Weintraub wrote, "I can still close my eyes and see him being dominated by Korean big-man Seo Jang Hoon, a player lifeless enough to earn the nickname 'The Tin Man.' I remember the Lebanese national team bullying around the Chinese Tower of Glower until the game ended in an ugly brawl (with one Chinese player wielding a pair of scissors). And I vividly recall the Sydney Olympics, where Yao made his reputation off two early rejections of overaggressive Dream Teamers, but then picked up four quick fouls and found himself on the bench."
His conclusion: "Yao won't be a complete bust. On the big-man scale, he still comes up north of Gheorghe Muresan. I also like him better than the player he's inevitably compared to, Shawn Bradley, if only because Yao is a better athlete and younger than the Mormon Mosquito when he came to the NBA. But he'll never approach Rik Smits' achievements, such as they were."
Weintraub also predicts a long and frustrating battle to gain Yao's loyalty for the team that selects him, and claims that it is a battle that the team cannot win.
"Even if (the NBA team) works out a short-term arrangement for Yao to spend off-season time with the national club, the Chinese government is likely to want to change the deal at any time, depending on shifts in the political wind," Weintraub wrote. "Unlike European players, Yao is hard-wired to do what the motherland tells him to. This, after all, is someone who has credited his size and uniqueness to China's one-child-per-family policy.
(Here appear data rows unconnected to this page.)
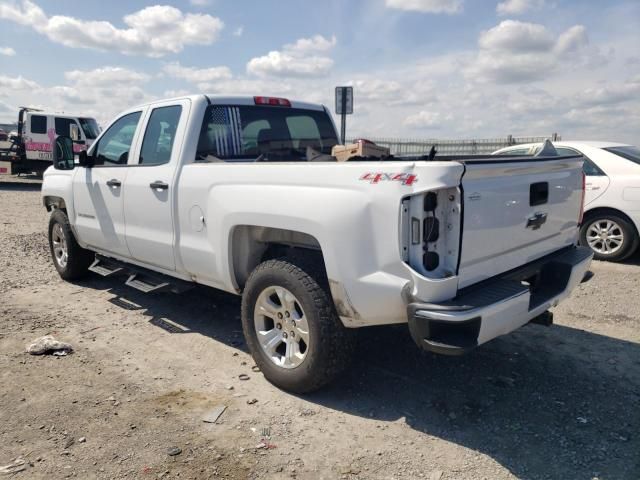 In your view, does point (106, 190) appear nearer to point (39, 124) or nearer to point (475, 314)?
point (475, 314)

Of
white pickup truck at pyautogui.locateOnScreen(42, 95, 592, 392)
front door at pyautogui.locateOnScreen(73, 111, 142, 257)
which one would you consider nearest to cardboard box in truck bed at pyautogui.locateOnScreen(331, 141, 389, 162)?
white pickup truck at pyautogui.locateOnScreen(42, 95, 592, 392)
Should he forget his upbringing, entities in China will waste little time in reminding him -- by increasing tax rates in his family's neighborhood, by making it difficult for friends and family to obtain visas in order to see him play, or by simply barring him from representing China in any fashion (a fate that befell poor Ma Jian, who played at the University of Utah and dared to try out for the Utah Jazz without permission from above)."
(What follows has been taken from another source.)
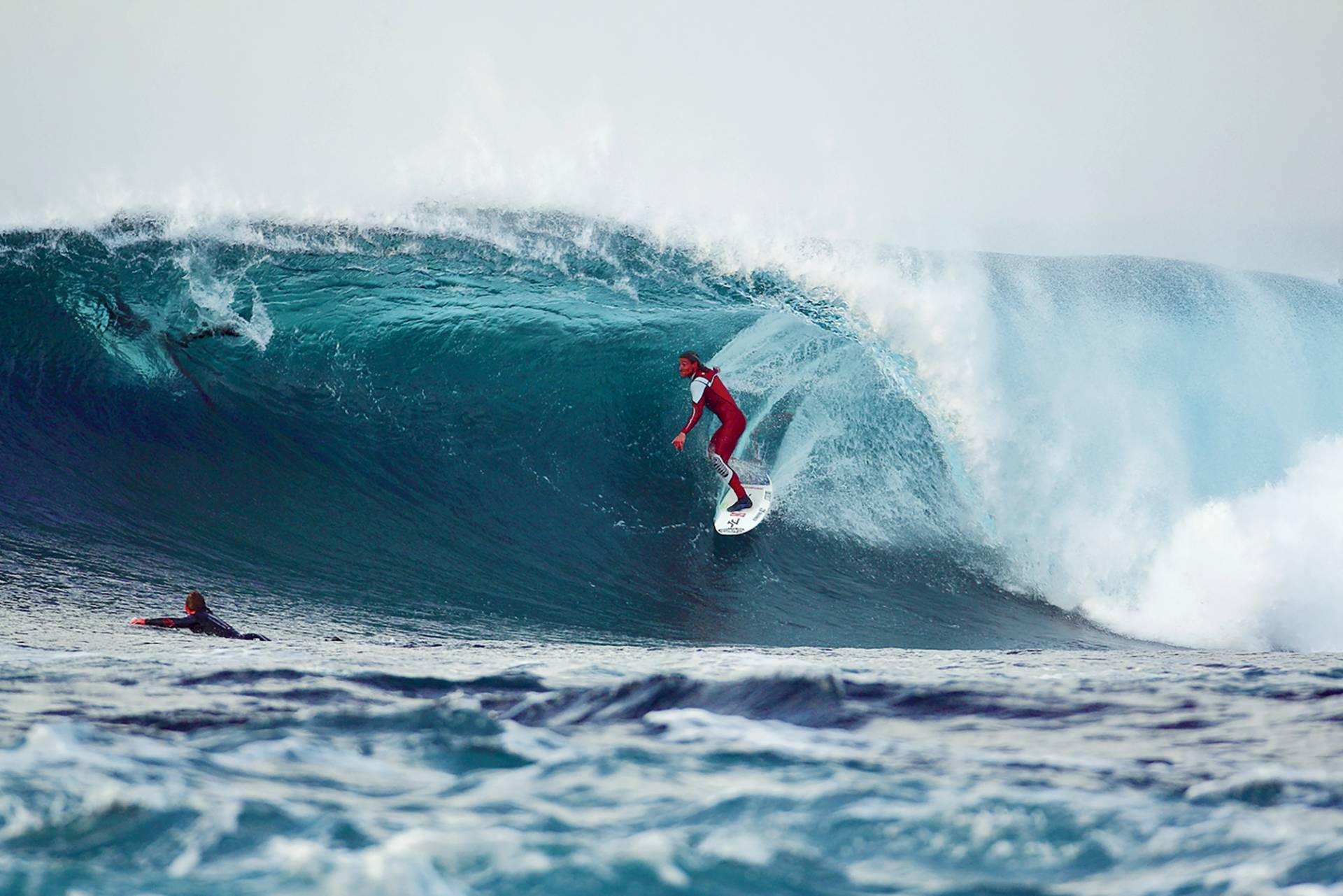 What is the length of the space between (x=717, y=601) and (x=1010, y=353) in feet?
16.2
The reason for this, of course, is that the Chinese government couldn't care less about Yao's success in the NBA. Its only agenda is to get back a better player so that China can contend for a medal at the 2008 Olympics in Beijing. If his performance here reflects well on China, that's fine. But if he helps the Houston Rockets win a title and China keeps losing its international competitions, "that would be an intolerable trade-off," Weintraub says.
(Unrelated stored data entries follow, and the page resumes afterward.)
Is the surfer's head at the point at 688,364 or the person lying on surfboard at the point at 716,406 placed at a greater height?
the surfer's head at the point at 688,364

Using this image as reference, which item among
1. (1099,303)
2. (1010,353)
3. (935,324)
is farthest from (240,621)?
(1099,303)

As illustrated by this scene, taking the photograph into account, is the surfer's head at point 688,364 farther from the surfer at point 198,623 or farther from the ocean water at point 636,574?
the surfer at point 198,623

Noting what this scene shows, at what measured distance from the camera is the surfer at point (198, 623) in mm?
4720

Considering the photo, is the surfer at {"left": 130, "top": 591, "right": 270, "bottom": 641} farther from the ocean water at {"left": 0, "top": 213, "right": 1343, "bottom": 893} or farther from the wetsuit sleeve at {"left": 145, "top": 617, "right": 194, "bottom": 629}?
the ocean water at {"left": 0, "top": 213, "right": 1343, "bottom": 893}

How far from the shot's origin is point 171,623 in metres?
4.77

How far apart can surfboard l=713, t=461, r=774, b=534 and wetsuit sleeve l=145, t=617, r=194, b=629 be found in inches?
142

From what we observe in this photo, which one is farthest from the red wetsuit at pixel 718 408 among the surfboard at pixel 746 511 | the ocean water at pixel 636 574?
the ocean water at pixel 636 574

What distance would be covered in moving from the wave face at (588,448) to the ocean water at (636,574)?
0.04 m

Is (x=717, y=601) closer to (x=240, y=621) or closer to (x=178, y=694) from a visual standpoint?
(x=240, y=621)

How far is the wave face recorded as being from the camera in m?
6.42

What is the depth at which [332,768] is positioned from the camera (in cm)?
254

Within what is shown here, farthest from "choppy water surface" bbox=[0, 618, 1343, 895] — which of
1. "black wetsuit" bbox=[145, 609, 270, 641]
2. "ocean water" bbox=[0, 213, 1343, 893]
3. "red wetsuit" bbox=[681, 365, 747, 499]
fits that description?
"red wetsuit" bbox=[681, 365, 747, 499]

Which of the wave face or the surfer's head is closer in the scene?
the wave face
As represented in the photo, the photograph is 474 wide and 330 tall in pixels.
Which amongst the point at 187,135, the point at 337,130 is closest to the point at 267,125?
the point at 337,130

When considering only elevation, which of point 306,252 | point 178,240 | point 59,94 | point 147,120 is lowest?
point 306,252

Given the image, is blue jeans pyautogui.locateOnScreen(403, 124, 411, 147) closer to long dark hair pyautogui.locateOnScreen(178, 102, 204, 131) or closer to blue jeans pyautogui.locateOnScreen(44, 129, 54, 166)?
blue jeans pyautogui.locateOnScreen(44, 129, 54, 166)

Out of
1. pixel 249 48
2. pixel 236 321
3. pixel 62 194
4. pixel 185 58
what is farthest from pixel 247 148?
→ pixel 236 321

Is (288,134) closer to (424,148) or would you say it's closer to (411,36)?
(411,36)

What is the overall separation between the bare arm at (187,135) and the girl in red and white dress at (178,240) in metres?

Scroll about three quarter of the way down and you will fine this:
No more projects.The Houston Rockets are leaning toward snatching 7-foot-5 center Yao Ming of China with the first pick of this month's draft, and they are seeking the support of Philly native Cuttino Mobley and franchise player Steve Francis. Francis and Mobley have other ideas.
"I'd rather us work out a deal to get someone like [Los Angeles Clippers forward] Lamar Odom," Mobley said.
"I don't want another project, having to be patient in watching someone develop. Me and Steve have been going through that long enough. If Ming is ready to come and contribute, I'm all for it. Even though he's skinny, he's got really thick calves and thighs, and I like that. Plus, he throws a tremendous outlet pass, which will help our fastbreak. But if he's not ready, we need to get somebody that's ready."
Well, im sure houston management appreciates this! While they are trying to iron out things with China, articles like this appear in the newpaper. Wonder what china thinks about this?